Your mom said he'd come home pretty tired, competing with all those younger recruits. But he passed with flying colors, wearing the gold braid for being in the top of his class. No small feat. And that desire to serve led him to study to be a chaplain.  And I'm privileged to be able to tell you that today I'm making him a Department chaplain—a posthumous member of that family within our family, that ministers to us in time of need.

Rafael Ramos was assassinated because he represented all of us. Even though, beneath the uniform, he was just a good man.  And he was just your dad.  And maybe that’s our challenge.  Maybe that’s the reason for the struggle we’re now in—as a city, as a nation.  Maybe it’s because we’ve all come to see only we represent, instead of who we are.  We don’t see each other.

The police, the people who are angry at the police, the people who support us but want us to be better, even a madman who assassinated two men because all he could see was two uniforms, even though they were so much more.  We don't see each other.

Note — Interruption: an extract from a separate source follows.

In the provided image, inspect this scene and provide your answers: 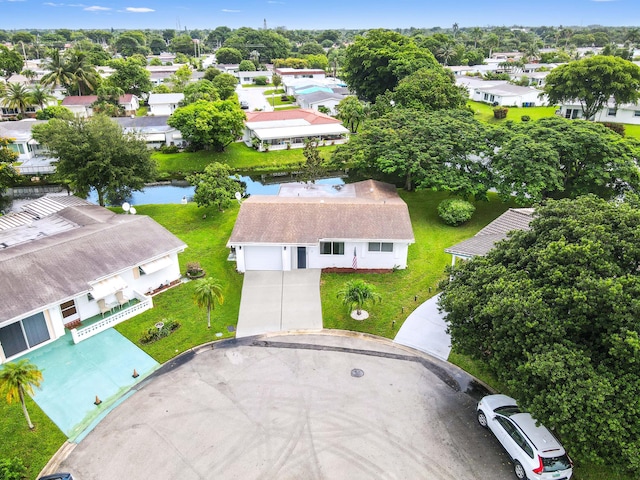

If we can…If we can learn to see each other…to see that our cops are people like Rafael Ramos and Wenjian Liu, to see that our communities are filled with people just like them too.  If we can learn to see each other, then when we see each other, we'll heal.  We'll heal as a Department. We'll heal as a city. We'll heal as a country.  But as Ecclesiastes teaches, there is a time to every purpose under the Heavens. 

Today, it is time for us to mourn Rafael Ramos. Today, it is time for us to remember Rafael Ramos.  And in a few days, we'll be here again, in a different place that is the same, to celebrate the life of Officer Wenjian Liu.  That will be a time for sadness, too.  But someday the tears will end.  The memories will not.  We never have and we never will forget.

Last Sunday at Saint Patrick's, Cardinal Dolan spoke to the police.  His cathedral thundered with prayer and he asked me to tell my officers "we love them very much, we mourn with them, we need them, we respect them and we're proud of them and we thank them."  I'm proud of them, too.  And prouder of none more than Police Officers Wenjian Liu and Rafael Ramos, both of whom I promote today to Detective First Grade.  Please let us rise and applaud the lives of Detective First Grade Rafael Ramos and Detective First Grade Wenjian Liu, so they can hear us in heaven.

Maritza, Justin, Jayden, Julia, Sindy here we are today surrounded by a sea of blue. Our family will always be with yours. We don't forget.We are here for you and for this city.

God bless the New York City Police Department.And God bless you and God bless Rafael.  In life he guarded the streets of this city; in death, he guards the Heavenly Gates.  Grant him rest.  Grant his peace.